Hardware Requirements
ELM’s inference footprint is similar to other 7 B parameter Llama‑2 variants. For optimal latency and batch‑size flexibility, the following hardware is recommended:
- VRAM: Minimum 12 GB for single‑token generation; 24 GB enables 4‑token parallel decoding.
- GPU: NVIDIA RTX 3080 (10 GB) works for low‑throughput use; for production workloads, RTX A6000 (48 GB) or AMD Instinct MI250X is preferred.
- CPU: 8‑core modern Xeon or AMD EPYC with at least 32 GB RAM for preprocessing and tokenization.
- Storage: Model files (safetensors) total ~13 GB; allocate 20 GB to accommodate tokenizer, config, and optional LoRA adapters.
- Performance: On a RTX 3090, average per‑token latency is ~45 ms (FP16) for English prompts; Dutch prompts incur a negligible overhead.
Use Cases
ELM shines in environments where scholarly rigor and bilingual support are essential. Typical deployments include:
- Campus Knowledge Base: Integrated into the university’s internal search engine to answer faculty questions about policies, research facilities, and historical publications.
- Thesis Assistant: A web‑app that helps graduate students outline chapters, suggest literature, and translate abstracts between English and Dutch.
- Grant‑Writing Support: Generates boilerplate sections for funding proposals while ensuring compliance with Dutch research regulations.

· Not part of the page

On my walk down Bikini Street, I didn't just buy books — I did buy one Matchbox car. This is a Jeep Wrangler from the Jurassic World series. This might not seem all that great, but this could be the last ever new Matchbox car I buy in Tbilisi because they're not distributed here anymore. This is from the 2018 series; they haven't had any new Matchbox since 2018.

- Learning Management System (LMS) Plug‑in: Provides on‑demand tutoring for course material, including problem‑set explanations and code snippets.
Training Details
ELM was trained in two stages. First, the base Llama‑2‑7B‑Instruct weights were obtained from Meta’s public release. Second, a domain‑specific fine‑tuning phase used a curated corpus of ~1.2 M tokens drawn from:
- Peer‑reviewed papers authored by Erasmus University researchers (≈45 %).
- Student theses and dissertations (≈35 %).

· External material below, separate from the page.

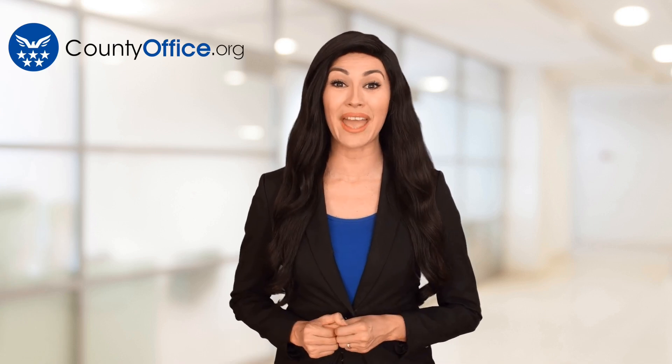Thanks for tuning in to our video. Please like and subscribe and leave a comment below. See you in the next video.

- Official university reports, policy documents, and lecture slides (≈20 %).
Fine‑tuning employed mixed‑precision (FP16) training on a university‑owned GPU cluster (8 × NVIDIA A100 40 GB). The total compute budget was roughly 1.5 k GPU‑hours, translating to an estimated 30 k kWh of electricity – a figure the developers deliberately kept low to align with sustainability goals. The model supports further LoRA‑style adaptation, allowing individual departments to inject their own specialized vocabularies without retraining the full network.
Licensing Information
ELM is released under the “Llama2” license, which mirrors the Meta Llama‑2 Community License. This license permits:
- Research, academic, and personal use without fee.
- Derivative works, provided they are also distributed under the same license.
- Commercial use is allowed only when the downstream product does not claim to be a “Llama‑2” model and respects Meta’s trademark guidelines.
Because the README lists the license as “unknown” in the Hugging Face metadata, users should verify the exact terms on the model card and the GitHub repository. Attribution is required: cite the arXiv paper (2408.06931) and include a link to the original model card. No additional royalties are imposed, but any redistribution must retain the original license file and acknowledge the Erasmus University community.